• Data excerpts:

------------------------

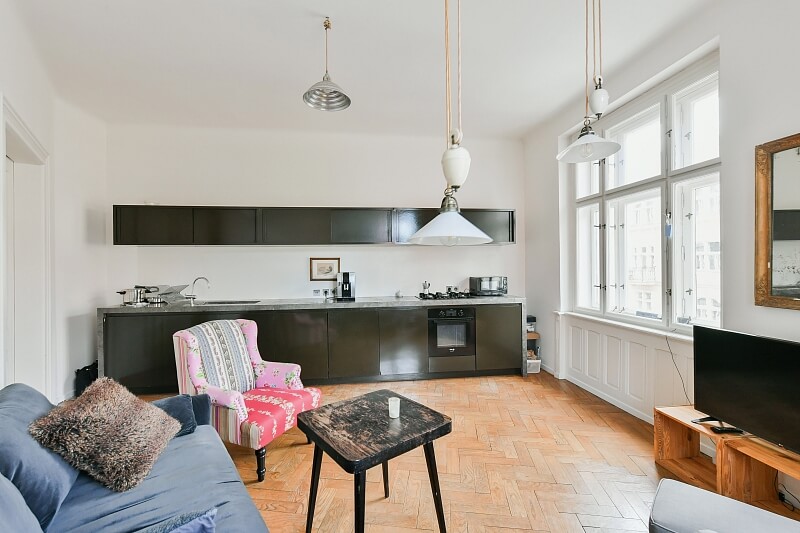 Slavíkova, Vinohrady - Praha 2 | Pronájem, Byt 3+kk, 88 m²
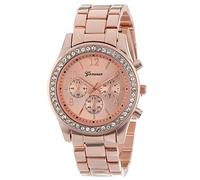 Orologio QU-24056 - Rosa / Oro / 2a qualità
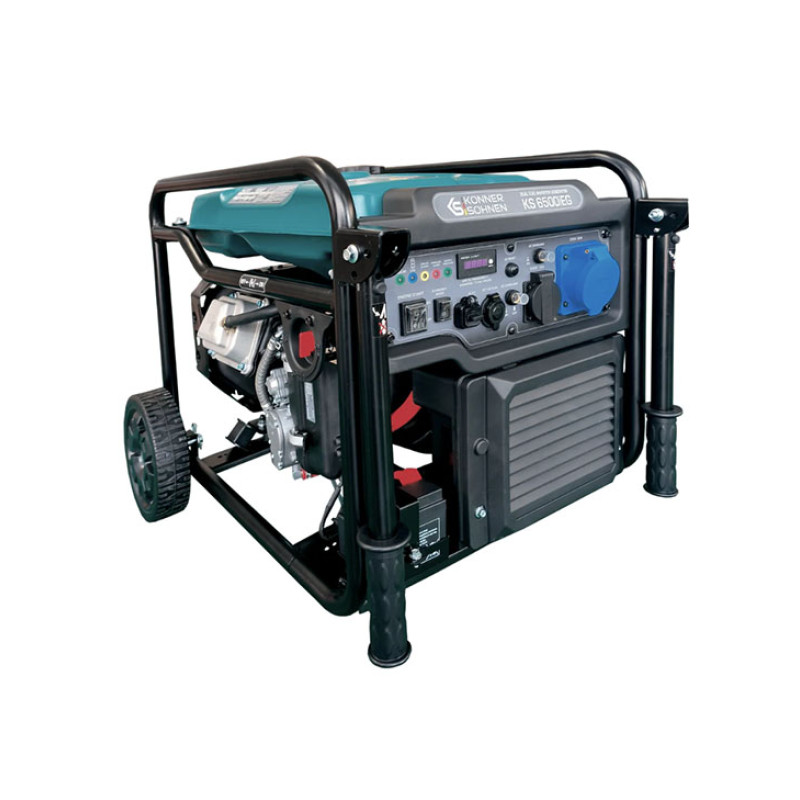 Inverterinis benzinas/dujos generatorius 6500W KS 6500IEG KONNER & SOHNEN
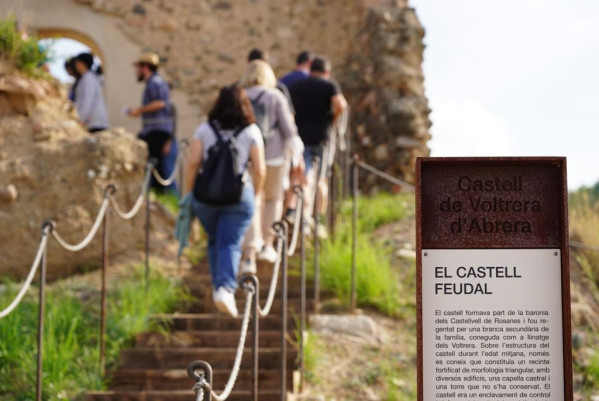 Jornades Europees de Patrimoni (JEP) 2023. Visita comentada al Castell Voltrera d'Abrera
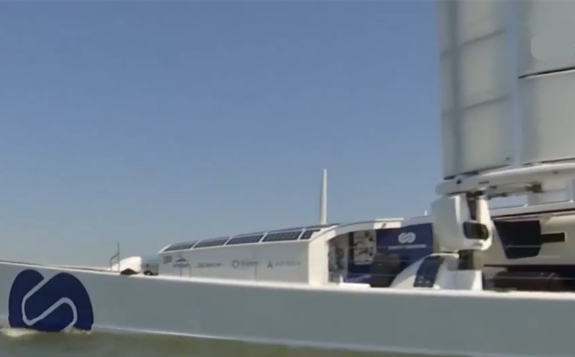 世界上第一艘氫動力船抵達荷蘭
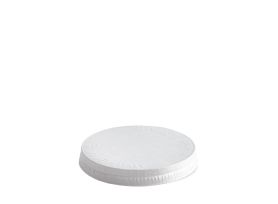TAPA PLANA PARA TARRINA DE PAPEL 173cc PAP-PE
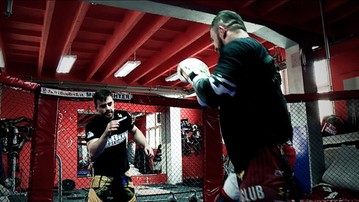Dziennikarz Polsatu Sport starł się z zawodnikiem UFC! (WIDEO)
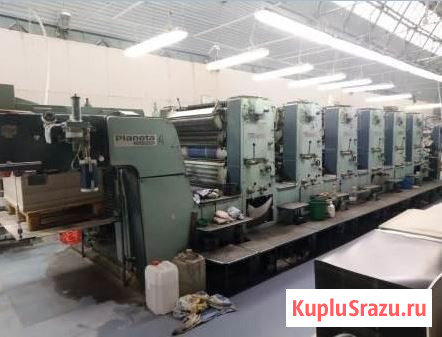Офсетная машина Planeta Variant P64-6 Санкт-Петербург - изображение 1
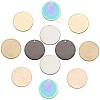 SUNNYCLUE 12Pcs 6 Colors PVD Vacuum Plating 304 Stainless Steel Pendants STAS-SC0002-14B-1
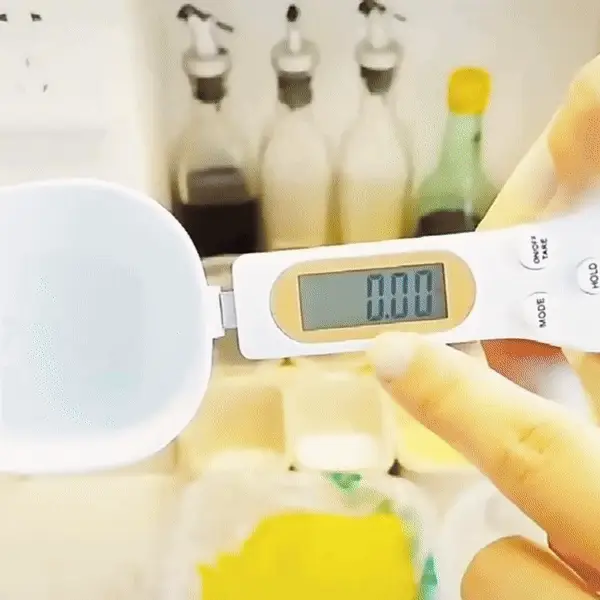 ملعقة إلكترونية ميزان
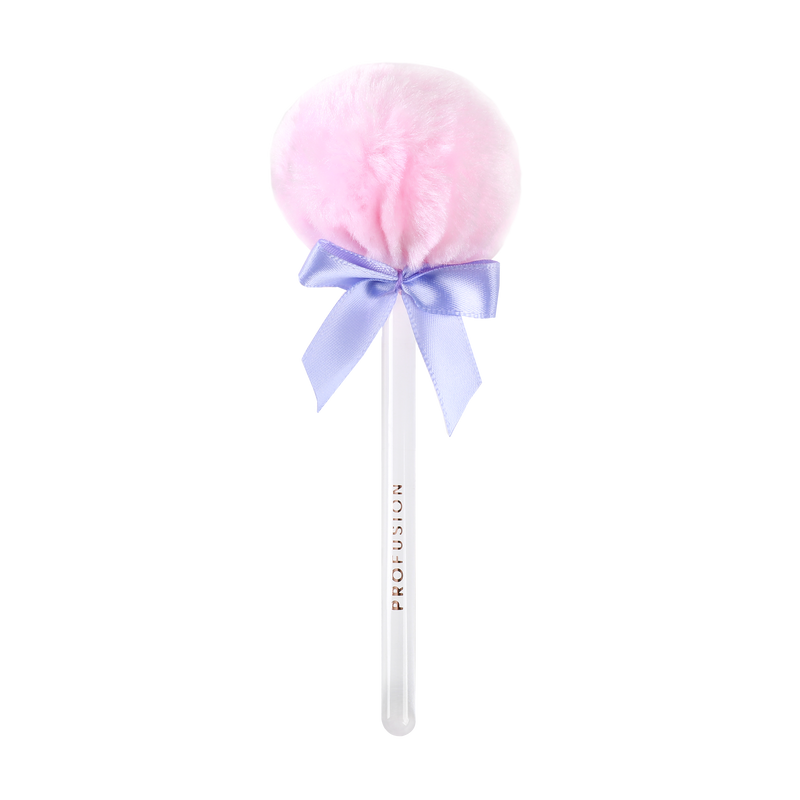 Profusion Cosmetics Frosted Snow Sparkle | Twinkling Lights Powder Puff Set Face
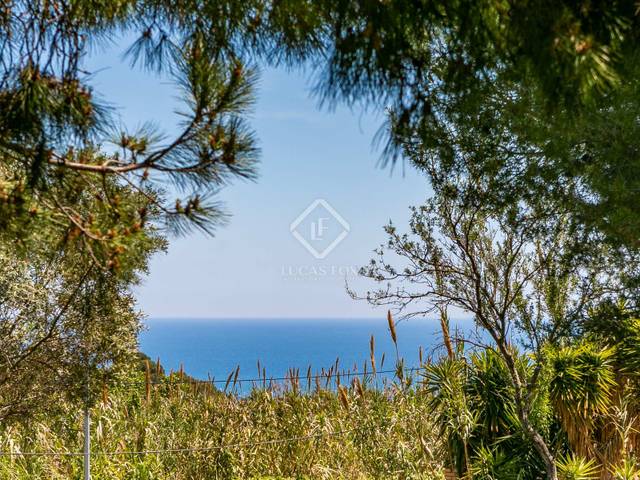 Terreno en Venta en Cabrera de Mar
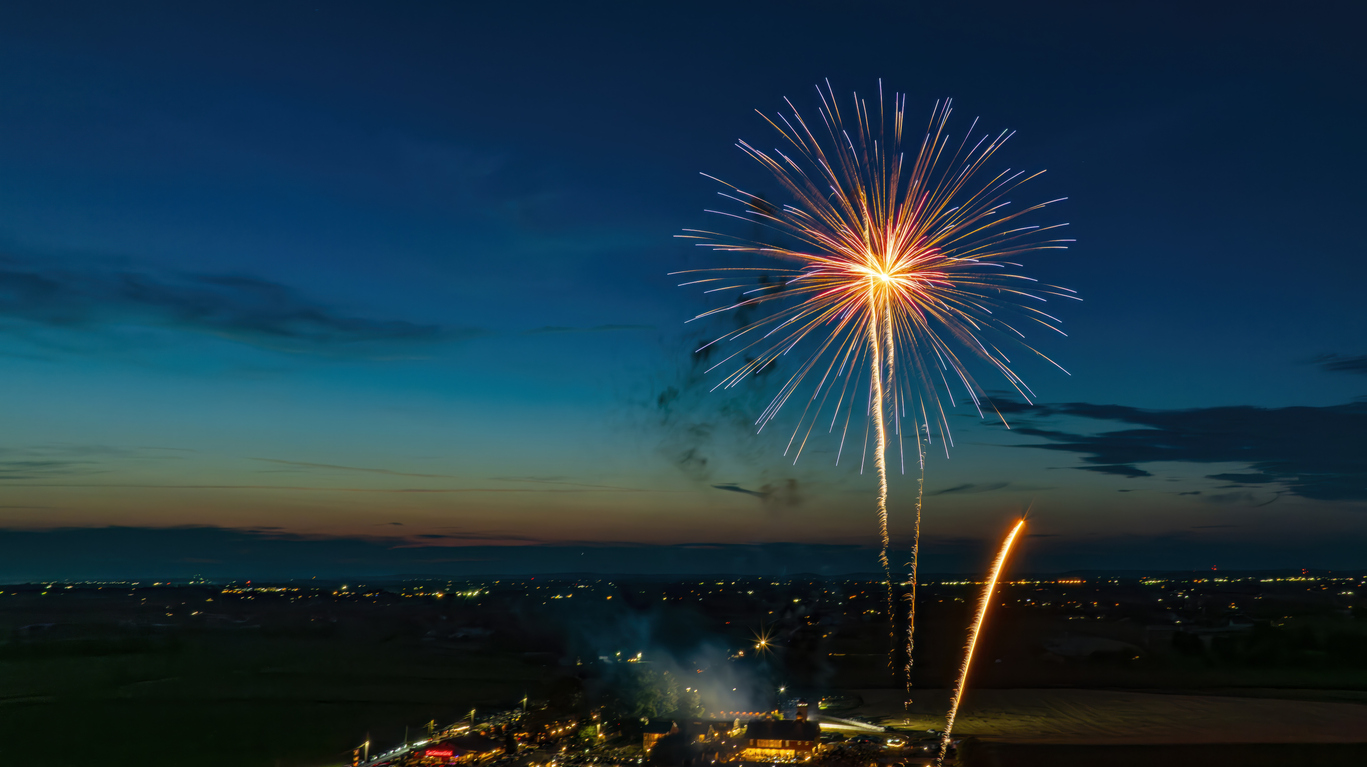 fireworks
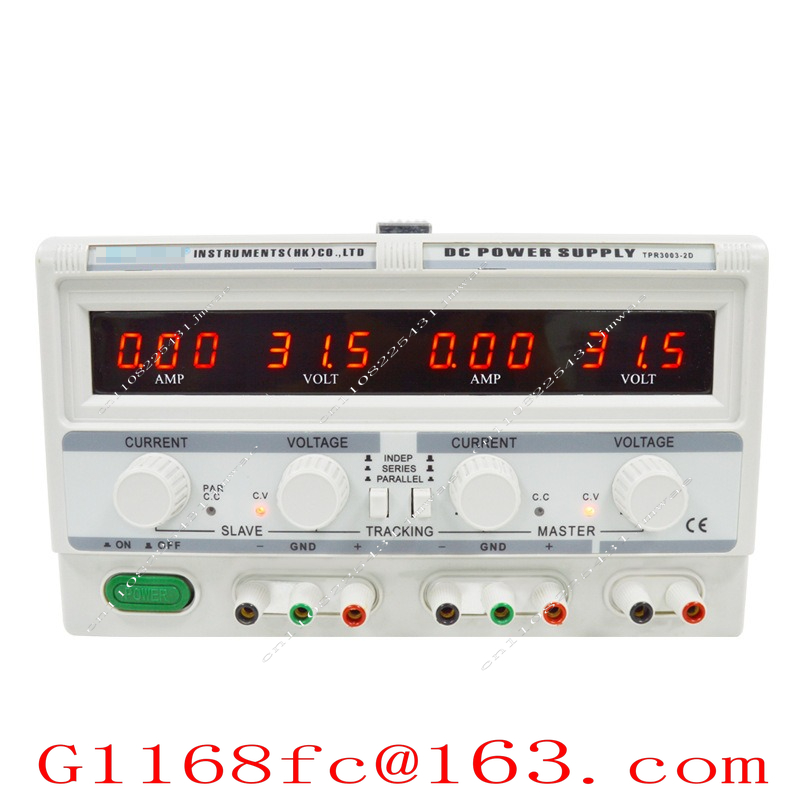 Alimentatore Lineare DC Regola - Dual Channel Linear Power Supply 30V 5A recensione e prezzo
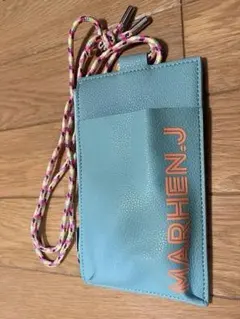 《新品⭐︎未使用》MARHEN.J ショルダーポーチエメラルドグリーン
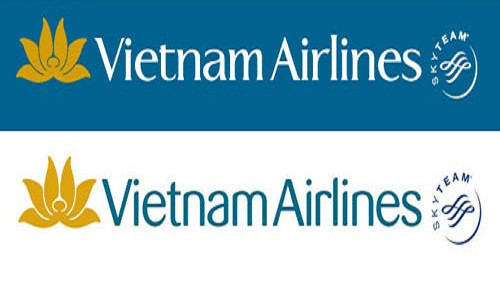Logo mới được hãng giải thích nhằm chỉnh sửa sự bất hợp lý về tỷ lệ, kích thước chữ và hình bông sen vàng, sau hơn 10 năm sử dụng. (Hình dưới là logo mới, hình trên là logo được áp dụng từ tháng 10/2002).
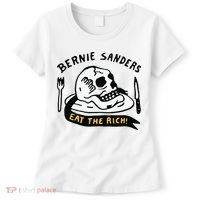 Bernie Sanders Eat The Rich Women's T-Shirt thumb 0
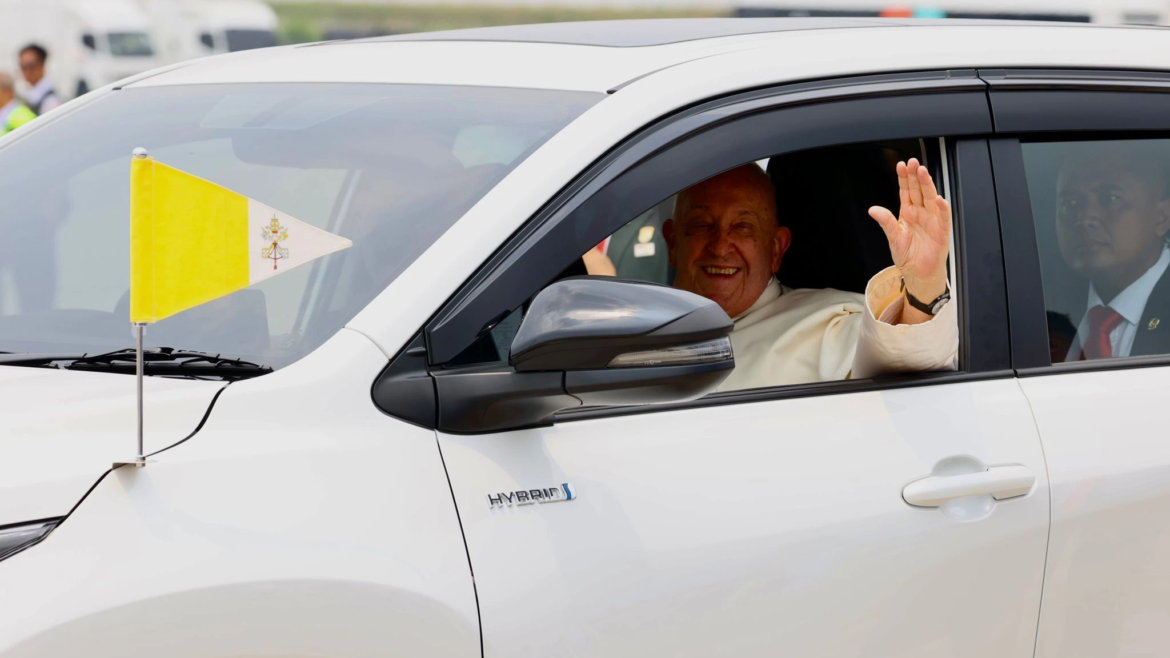 El Vaticano continúa con su transformación ecológica con nuevos autos eléctricos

------------------------

Reproduce the data above word for word from its first line through the line that holds "Офсетная машина Planeta", both ends included; skip pictures.

 Slavíkova, Vinohrady - Praha 2 | Pronájem, Byt 3+kk, 88 m²
 Orologio QU-24056 - Rosa / Oro / 2a qualità
 Inverterinis benzinas/dujos generatorius 6500W KS 6500IEG KONNER & SOHNEN
 Jornades Europees de Patrimoni (JEP) 2023. Visita comentada al Castell Voltrera d'Abrera
 世界上第一艘氫動力船抵達荷蘭
TAPA PLANA PARA TARRINA DE PAPEL 173cc PAP-PE
Dziennikarz Polsatu Sport starł się z zawodnikiem UFC! (WIDEO)
Офсетная машина Planeta Variant P64-6 Санкт-Петербург - изображение 1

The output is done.